What is needed:
Repeat the listing below line by line, exactly, leaving its pictures behind.

Collected material:
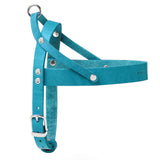 Harnais teckel cuir bleu
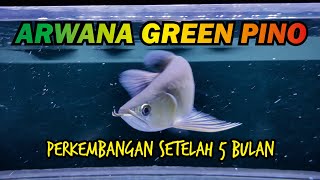 UPDATE!!! Perkembangan Arwana Green Pino 30cm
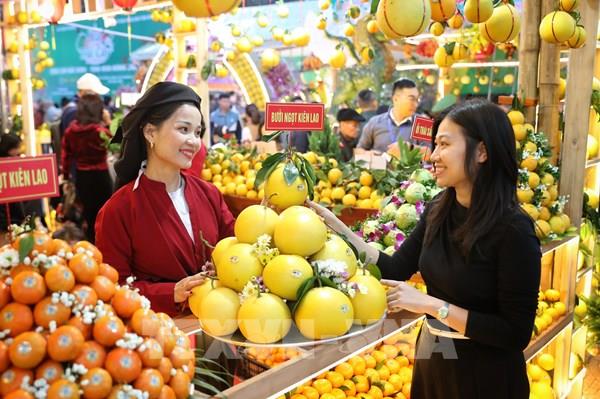 Lễ hội trái cây Bắc Ninh 2025 thúc đẩy tiêu thụ nông sản số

Answer to this task:
 Harnais teckel cuir bleu
 UPDATE!!! Perkembangan Arwana Green Pino 30cm
 Lễ hội trái cây Bắc Ninh 2025 thúc đẩy tiêu thụ nông sản số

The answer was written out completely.